Generating Random Results - SQL School Video

  • Andy Warren

    SSC Guru

    Points: 119655

    Comments posted to this topic are about the item Generating Random Results - SQL School Video

  • IStevenChen

    Grasshopper

    Points: 21

    oooh, great tip, thanks.:)

  • Adrian Hains

    Ten Centuries

    Points: 1322

    Ordering by newid() is pretty lackluster in the performance department, I assumed this article would cover some great new ways to randomize data 🙁

    I've gotten by in a variety of cases by using row_number() over some indexed column(s), and predicating to some random offsets.

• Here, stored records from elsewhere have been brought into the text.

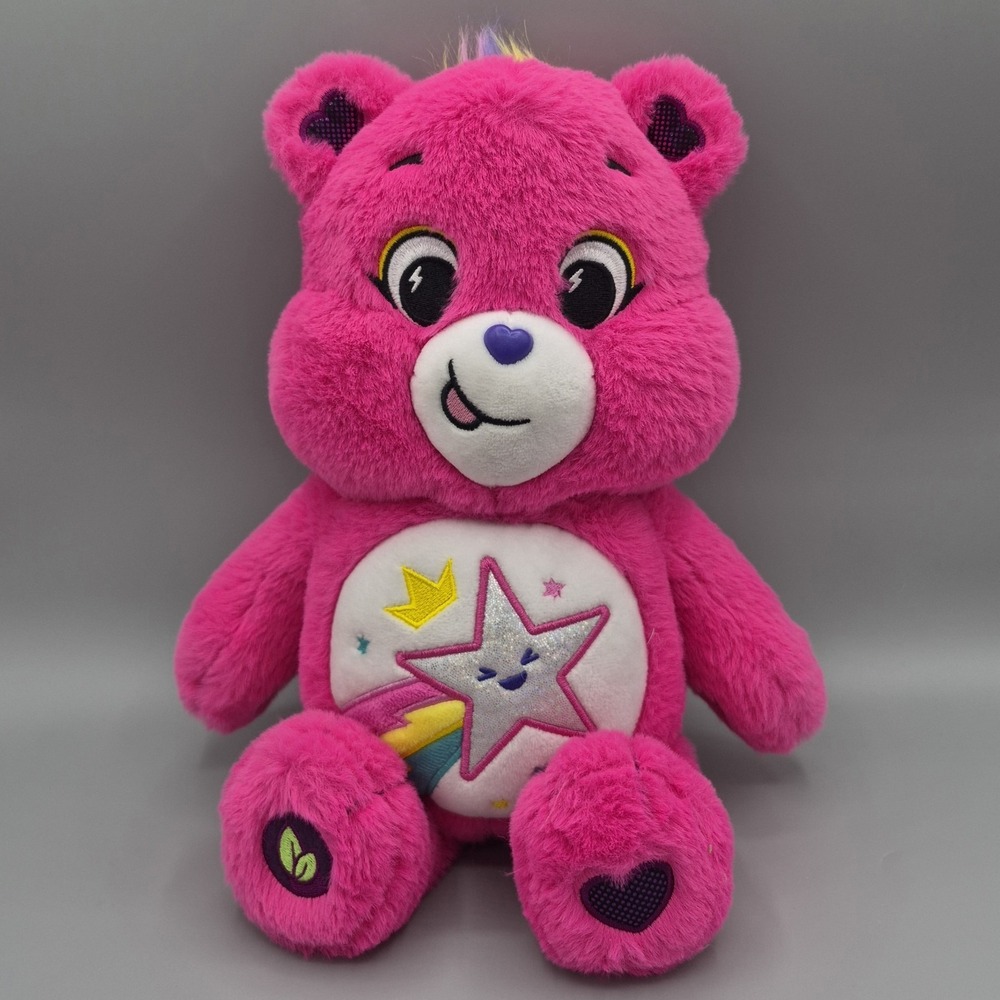Care Bears Be Me Bear Plush Toy 14" Hot Pink Shooting‎ Star 2024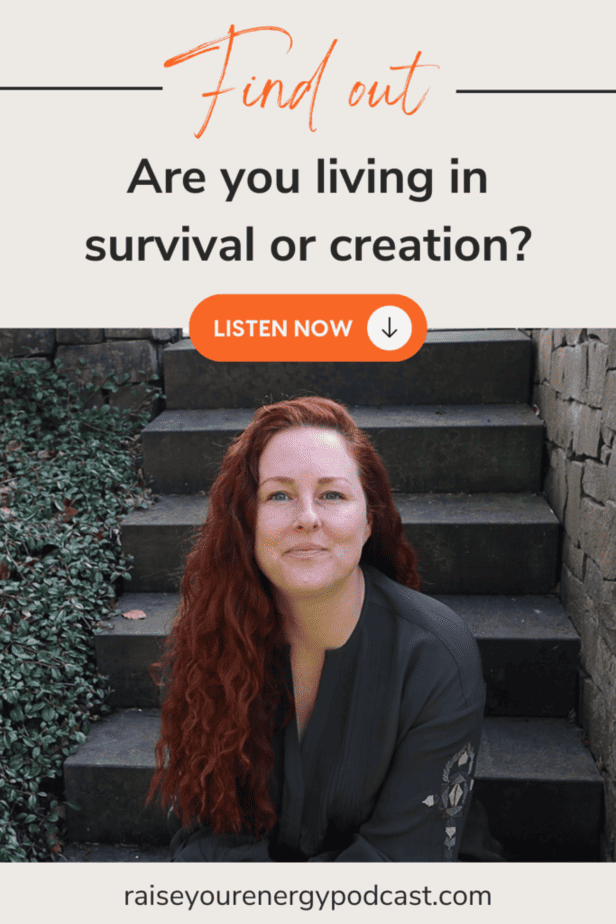 living in survival or creation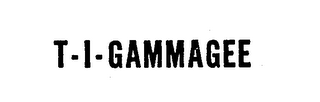 T-I-GAMMAGEE logo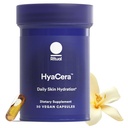 Ritual HyaCera Skin Supplement for Wrinkle Support, Hyabest® ve Ceratiq® ile Skin Hydration Support, Hyaluronic Acid, Glycolipids, Ceramids, Gluten Free, Non GMO, Vanilla Esence, 30 Day Supply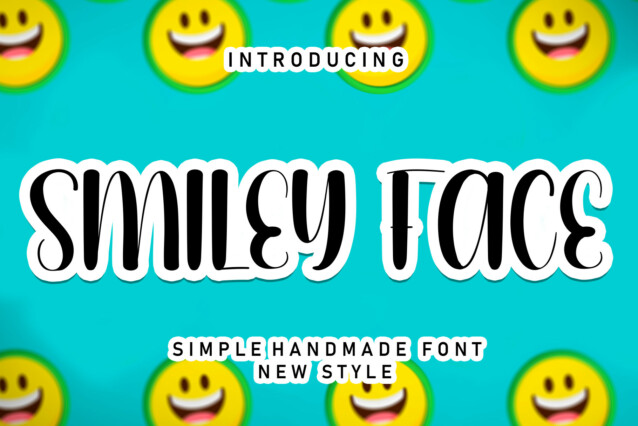 Smiley Face Display Font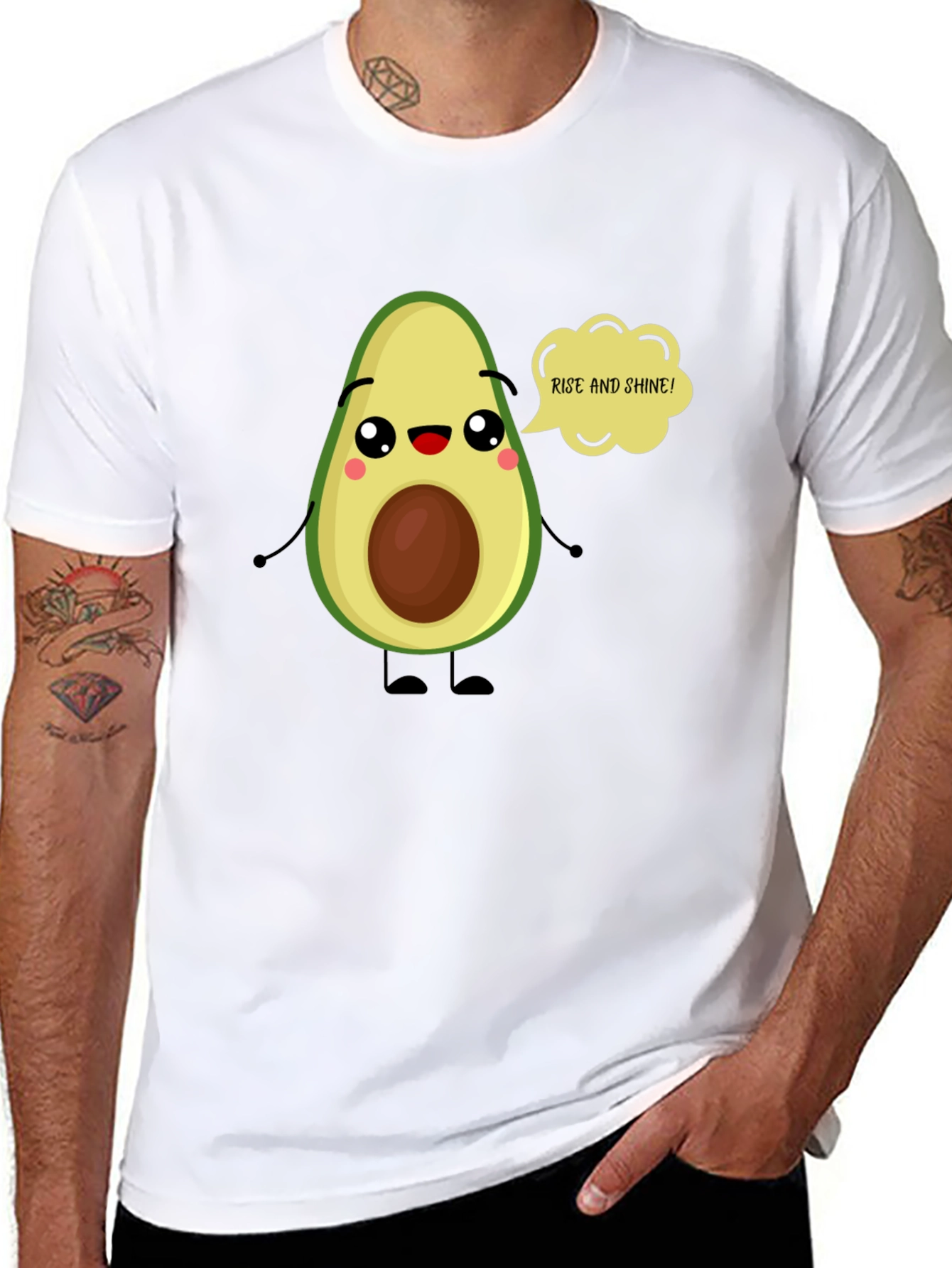 Avocado Rise and Shine Graphic T-Shirt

This ends up being significantly better than the newid() approach, but the perf is still not that great if you have huge tables and some of your random offsets are deep into the table.

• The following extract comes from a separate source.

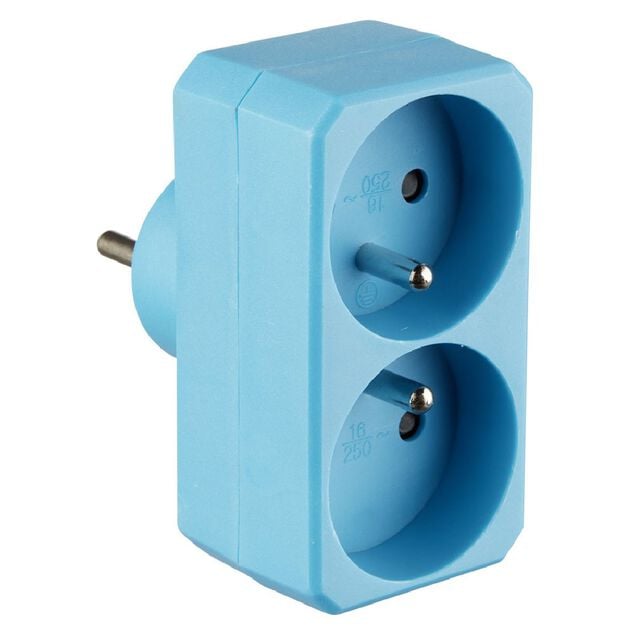 Duplite 2 prises 16 A blanc
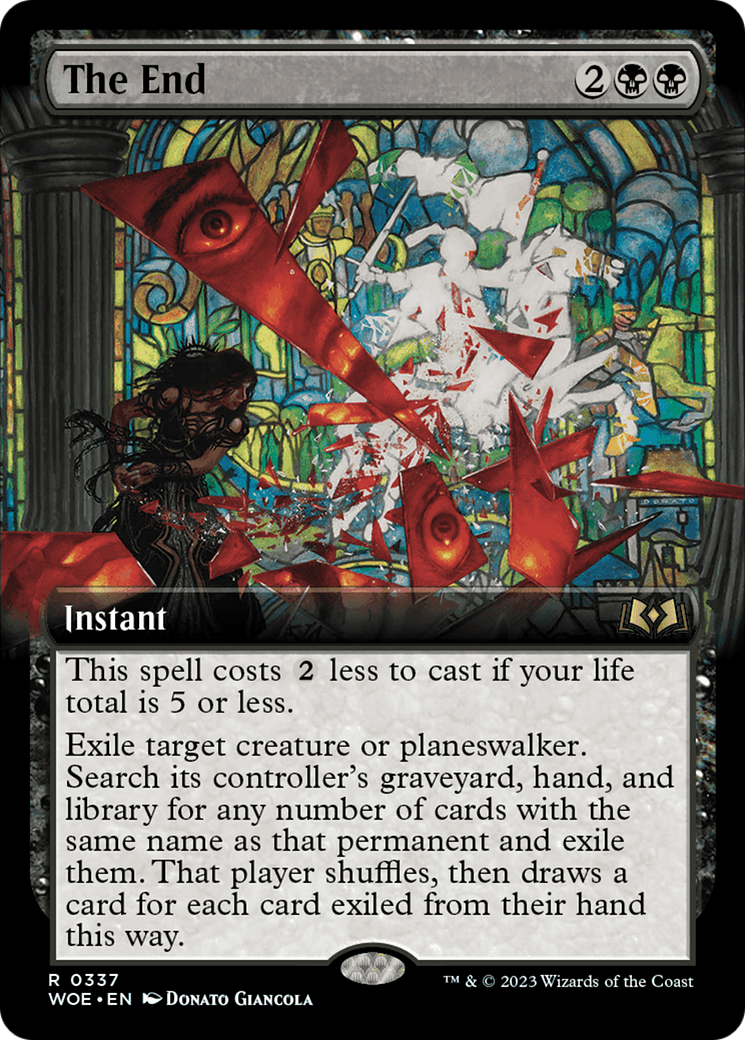 The End (Extended Art) [Wilds of Eldraine] | Card Merchant Takapuna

    The other main approach I've seen is using tablesample (i.e. http://www.mssqltips.com/tip.asp?tip=1308), this may work better on very large tables.

    For the common variety of requirement of fetching some random images in a website image gallery, I ended up creating a table to contain a randomized list of keys to the data rows. So if each image has an identity column as the PK, the randomized table contains a list of these ids in random order. You pay the perf to order by newid() one time with a nightly job, then each request simply chooses a random entry point into the randomized table and queries out the next N ids. Since the randomized table has contiguous ids it is cheap to seek into - where id is rand between 1 and max(id).

  • Anipaul

    SSC-Insane

    Points: 24681

    Nice one ...:)

  • dray

    SSC Enthusiast

    Points: 107

    In the video example, wouldn't the same 20 people be selected, just returned in a different order? If you had a table with all the names, you would need to first have a sub query select all the records and add a uniqueidentifier (newguid()), then from that set select the top 20 and order by the uniqueidentifier.

  • Adrian Hains

    Ten Centuries

    Points: 1322

    dray (1/22/2009)


    In the video example, wouldn't the same 20 people be selected, just returned in a different order? If you had a table with all the names, you would need to first have a sub query select all the records and add a uniqueidentifier (newguid()), then from that set select the top 20 and order by the uniqueidentifier.

    When you have TOP and ORDER BY in the same statement, the ORDER BY is logically applied before the TOP.

    From the entry on TOP (http://msdn.microsoft.com/en-us/library/ms189463.aspx)

    If the query includes an ORDER BY clause, the first expression rows, or expression percent of rows, ordered by the ORDER BY clause are returned. If the query has no ORDER BY clause, the order of the rows is arbitrary.